• WHAT IS REQUIRED: The entries below should be copied exactly and completely.

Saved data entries
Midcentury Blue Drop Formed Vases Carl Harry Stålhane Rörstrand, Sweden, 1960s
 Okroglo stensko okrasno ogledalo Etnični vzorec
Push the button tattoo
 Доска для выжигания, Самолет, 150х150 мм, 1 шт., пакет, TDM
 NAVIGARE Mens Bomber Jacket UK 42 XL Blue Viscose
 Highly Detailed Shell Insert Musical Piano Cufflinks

• WRITTEN ANSWER:
Midcentury Blue Drop Formed Vases Carl Harry Stålhane Rörstrand, Sweden, 1960s
 Okroglo stensko okrasno ogledalo Etnični vzorec
Push the button tattoo
 Доска для выжигания, Самолет, 150х150 мм, 1 шт., пакет, TDM
 NAVIGARE Mens Bomber Jacket UK 42 XL Blue Viscose
 Highly Detailed Shell Insert Musical Piano Cufflinks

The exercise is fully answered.